--- RECORDS FOR THIS TASK ---
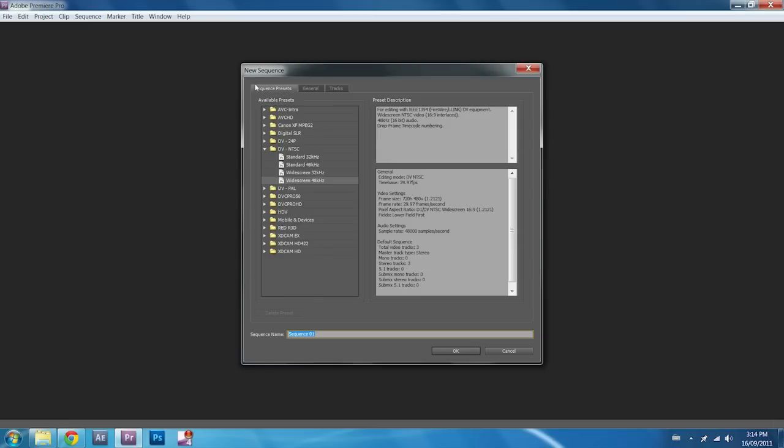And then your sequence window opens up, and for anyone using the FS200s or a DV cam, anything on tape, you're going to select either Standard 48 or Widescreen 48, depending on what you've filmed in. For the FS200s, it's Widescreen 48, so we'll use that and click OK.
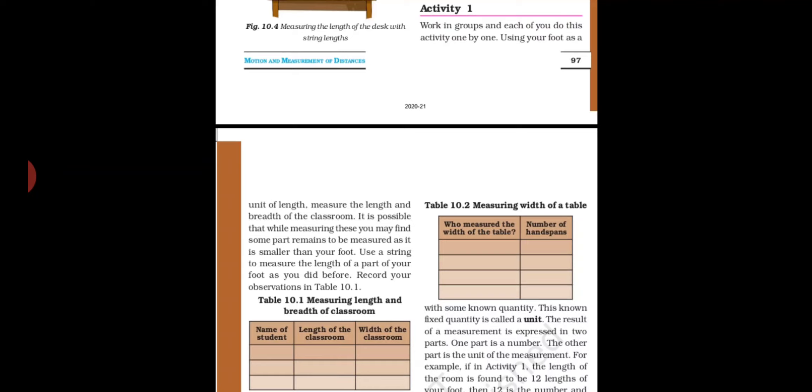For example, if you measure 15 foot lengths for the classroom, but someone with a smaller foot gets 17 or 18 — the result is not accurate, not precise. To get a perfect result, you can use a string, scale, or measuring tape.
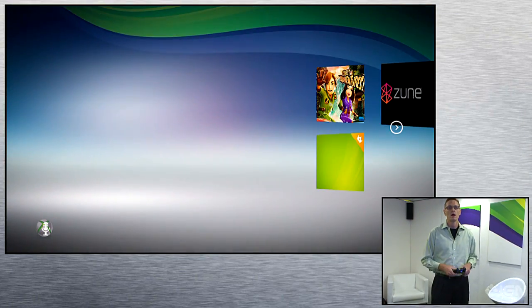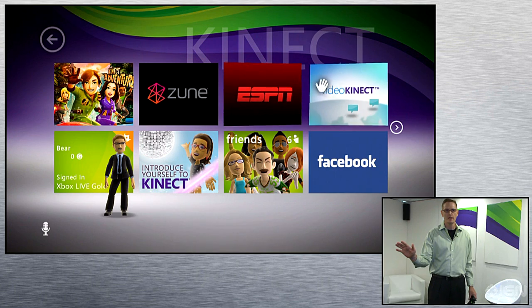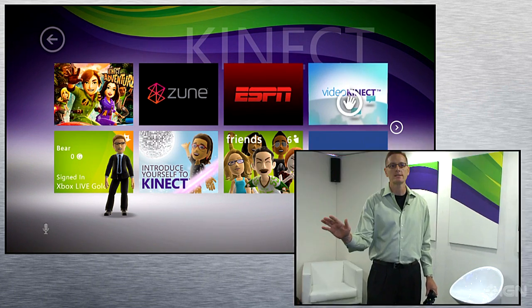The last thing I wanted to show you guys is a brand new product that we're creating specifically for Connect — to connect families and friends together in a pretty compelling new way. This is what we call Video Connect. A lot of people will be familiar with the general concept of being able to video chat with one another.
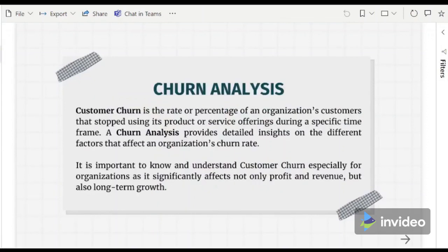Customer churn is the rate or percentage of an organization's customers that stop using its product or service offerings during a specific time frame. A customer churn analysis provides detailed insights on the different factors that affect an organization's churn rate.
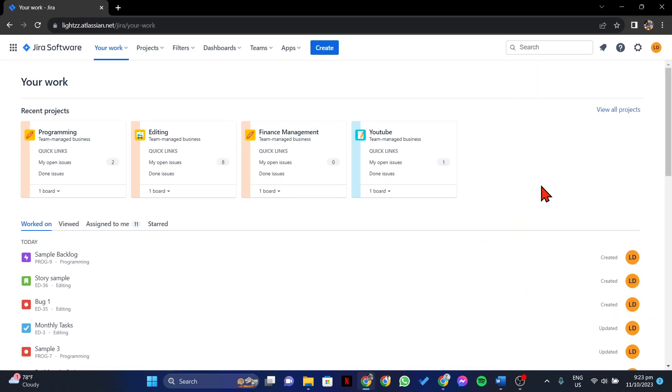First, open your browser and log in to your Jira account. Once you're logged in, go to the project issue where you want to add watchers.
---
### EXERCISE PROMPT
Transcribe every line in the entries above, taking out only the images.

### FINISHED EXERCISE
And then your sequence window opens up, and for anyone using the FS200s or a DV cam, anything on tape, you're going to select either Standard 48 or Widescreen 48, depending on what you've filmed in. For the FS200s, it's Widescreen 48, so we'll use that and click OK.
For example, if you measure 15 foot lengths for the classroom, but someone with a smaller foot gets 17 or 18 — the result is not accurate, not precise. To get a perfect result, you can use a string, scale, or measuring tape.
The last thing I wanted to show you guys is a brand new product that we're creating specifically for Connect — to connect families and friends together in a pretty compelling new way. This is what we call Video Connect. A lot of people will be familiar with the general concept of being able to video chat with one another.
Customer churn is the rate or percentage of an organization's customers that stop using its product or service offerings during a specific time frame. A customer churn analysis provides detailed insights on the different factors that affect an organization's churn rate.
First, open your browser and log in to your Jira account. Once you're logged in, go to the project issue where you want to add watchers.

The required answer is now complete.